_Directions for this task_: List every line in this data where the string "Photo" occurs.

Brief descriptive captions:

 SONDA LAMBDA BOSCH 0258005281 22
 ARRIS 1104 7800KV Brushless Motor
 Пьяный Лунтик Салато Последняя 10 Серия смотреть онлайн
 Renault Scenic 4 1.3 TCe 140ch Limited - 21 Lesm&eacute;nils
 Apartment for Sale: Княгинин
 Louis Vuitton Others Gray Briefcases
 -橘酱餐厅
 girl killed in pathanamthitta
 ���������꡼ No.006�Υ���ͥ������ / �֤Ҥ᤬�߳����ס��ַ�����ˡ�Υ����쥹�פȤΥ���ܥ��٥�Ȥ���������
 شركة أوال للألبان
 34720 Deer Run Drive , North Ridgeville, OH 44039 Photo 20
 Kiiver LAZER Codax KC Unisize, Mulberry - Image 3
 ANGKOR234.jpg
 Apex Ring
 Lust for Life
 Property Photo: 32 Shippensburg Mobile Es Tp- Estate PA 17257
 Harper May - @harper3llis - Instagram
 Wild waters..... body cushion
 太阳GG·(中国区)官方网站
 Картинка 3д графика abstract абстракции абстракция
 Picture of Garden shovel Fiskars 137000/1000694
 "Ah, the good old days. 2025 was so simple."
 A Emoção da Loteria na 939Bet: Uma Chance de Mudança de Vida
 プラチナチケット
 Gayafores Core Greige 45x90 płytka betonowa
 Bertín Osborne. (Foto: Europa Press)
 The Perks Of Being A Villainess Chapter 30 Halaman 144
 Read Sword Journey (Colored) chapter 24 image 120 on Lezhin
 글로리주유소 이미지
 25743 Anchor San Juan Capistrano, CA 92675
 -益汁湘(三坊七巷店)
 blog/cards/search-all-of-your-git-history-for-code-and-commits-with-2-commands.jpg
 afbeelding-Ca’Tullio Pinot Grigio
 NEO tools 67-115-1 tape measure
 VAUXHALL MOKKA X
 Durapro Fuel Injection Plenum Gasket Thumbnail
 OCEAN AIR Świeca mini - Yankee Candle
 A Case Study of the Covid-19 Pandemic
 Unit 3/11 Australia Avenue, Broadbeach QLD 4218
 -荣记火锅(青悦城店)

_Output for this exercise_:
 34720 Deer Run Drive , North Ridgeville, OH 44039 Photo 20
 Property Photo: 32 Shippensburg Mobile Es Tp- Estate PA 17257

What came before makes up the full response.